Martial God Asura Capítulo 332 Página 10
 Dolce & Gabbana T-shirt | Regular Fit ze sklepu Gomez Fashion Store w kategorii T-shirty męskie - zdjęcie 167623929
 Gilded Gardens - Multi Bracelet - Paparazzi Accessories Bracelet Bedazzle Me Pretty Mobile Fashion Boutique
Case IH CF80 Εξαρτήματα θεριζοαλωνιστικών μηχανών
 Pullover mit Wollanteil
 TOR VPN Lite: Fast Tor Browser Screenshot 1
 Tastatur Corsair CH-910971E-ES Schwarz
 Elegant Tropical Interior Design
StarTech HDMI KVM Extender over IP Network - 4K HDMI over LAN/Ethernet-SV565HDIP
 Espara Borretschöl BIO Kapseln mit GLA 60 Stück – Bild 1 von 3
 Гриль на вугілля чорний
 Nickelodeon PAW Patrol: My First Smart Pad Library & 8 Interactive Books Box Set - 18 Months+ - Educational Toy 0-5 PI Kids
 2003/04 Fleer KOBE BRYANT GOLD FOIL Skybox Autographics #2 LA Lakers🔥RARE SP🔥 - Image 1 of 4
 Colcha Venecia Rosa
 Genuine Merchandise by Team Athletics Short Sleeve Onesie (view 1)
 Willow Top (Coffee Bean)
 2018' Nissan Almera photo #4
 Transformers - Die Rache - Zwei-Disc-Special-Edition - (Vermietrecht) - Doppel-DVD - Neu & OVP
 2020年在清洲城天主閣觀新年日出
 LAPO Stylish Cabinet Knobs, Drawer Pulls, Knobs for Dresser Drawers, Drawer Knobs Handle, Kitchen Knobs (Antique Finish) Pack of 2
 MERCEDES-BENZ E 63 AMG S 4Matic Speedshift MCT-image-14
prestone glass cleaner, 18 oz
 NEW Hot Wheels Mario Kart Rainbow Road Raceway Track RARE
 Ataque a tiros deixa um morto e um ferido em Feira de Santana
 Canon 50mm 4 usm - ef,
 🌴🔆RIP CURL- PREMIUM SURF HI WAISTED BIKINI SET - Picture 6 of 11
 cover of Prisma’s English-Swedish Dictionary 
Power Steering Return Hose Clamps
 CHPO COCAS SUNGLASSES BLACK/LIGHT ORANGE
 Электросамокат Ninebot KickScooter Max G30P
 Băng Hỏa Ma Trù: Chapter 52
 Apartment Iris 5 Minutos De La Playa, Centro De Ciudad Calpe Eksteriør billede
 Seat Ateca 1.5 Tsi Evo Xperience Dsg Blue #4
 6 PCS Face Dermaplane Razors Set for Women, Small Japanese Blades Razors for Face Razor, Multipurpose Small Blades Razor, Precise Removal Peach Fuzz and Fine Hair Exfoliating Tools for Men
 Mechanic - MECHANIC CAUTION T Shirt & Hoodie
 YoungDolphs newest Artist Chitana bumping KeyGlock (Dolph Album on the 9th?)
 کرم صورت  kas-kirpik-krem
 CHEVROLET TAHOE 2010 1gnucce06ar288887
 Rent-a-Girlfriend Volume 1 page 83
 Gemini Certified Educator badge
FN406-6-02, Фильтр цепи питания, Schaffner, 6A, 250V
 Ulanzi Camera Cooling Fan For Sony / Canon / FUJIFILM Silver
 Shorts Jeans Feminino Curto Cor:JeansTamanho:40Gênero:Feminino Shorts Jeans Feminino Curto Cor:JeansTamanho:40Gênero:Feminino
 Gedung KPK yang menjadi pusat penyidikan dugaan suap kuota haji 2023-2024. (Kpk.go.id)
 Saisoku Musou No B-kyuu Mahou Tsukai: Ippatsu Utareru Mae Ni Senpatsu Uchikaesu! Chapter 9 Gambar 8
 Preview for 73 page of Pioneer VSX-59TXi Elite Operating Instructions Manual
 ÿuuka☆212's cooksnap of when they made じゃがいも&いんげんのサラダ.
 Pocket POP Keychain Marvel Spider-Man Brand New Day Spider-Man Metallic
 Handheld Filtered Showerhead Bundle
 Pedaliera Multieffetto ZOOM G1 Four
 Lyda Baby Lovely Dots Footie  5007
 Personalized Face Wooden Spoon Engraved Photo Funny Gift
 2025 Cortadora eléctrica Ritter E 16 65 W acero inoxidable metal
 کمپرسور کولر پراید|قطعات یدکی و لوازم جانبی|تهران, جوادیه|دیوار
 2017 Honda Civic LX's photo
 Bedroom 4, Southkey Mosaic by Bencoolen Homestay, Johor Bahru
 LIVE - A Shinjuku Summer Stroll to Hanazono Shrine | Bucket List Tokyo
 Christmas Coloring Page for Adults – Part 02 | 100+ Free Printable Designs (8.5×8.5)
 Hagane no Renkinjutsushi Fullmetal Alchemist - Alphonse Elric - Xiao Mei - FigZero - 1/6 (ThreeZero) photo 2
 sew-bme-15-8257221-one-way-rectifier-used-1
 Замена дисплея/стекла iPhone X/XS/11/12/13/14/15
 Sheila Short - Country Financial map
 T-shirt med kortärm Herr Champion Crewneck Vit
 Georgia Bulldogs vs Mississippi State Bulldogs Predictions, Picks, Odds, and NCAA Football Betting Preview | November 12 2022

-------------------------

### Try it
Copy range, inclusive: the line holding "StarTech HDMI KVM" to the line holding "2018' Nissan Almera photo #4". Reproduce exactly those lines of the records above and no others.

### Problem solution
StarTech HDMI KVM Extender over IP Network - 4K HDMI over LAN/Ethernet-SV565HDIP
 Espara Borretschöl BIO Kapseln mit GLA 60 Stück – Bild 1 von 3
 Гриль на вугілля чорний
 Nickelodeon PAW Patrol: My First Smart Pad Library & 8 Interactive Books Box Set - 18 Months+ - Educational Toy 0-5 PI Kids
 2003/04 Fleer KOBE BRYANT GOLD FOIL Skybox Autographics #2 LA Lakers🔥RARE SP🔥 - Image 1 of 4
 Colcha Venecia Rosa
 Genuine Merchandise by Team Athletics Short Sleeve Onesie (view 1)
 Willow Top (Coffee Bean)
 2018' Nissan Almera photo #4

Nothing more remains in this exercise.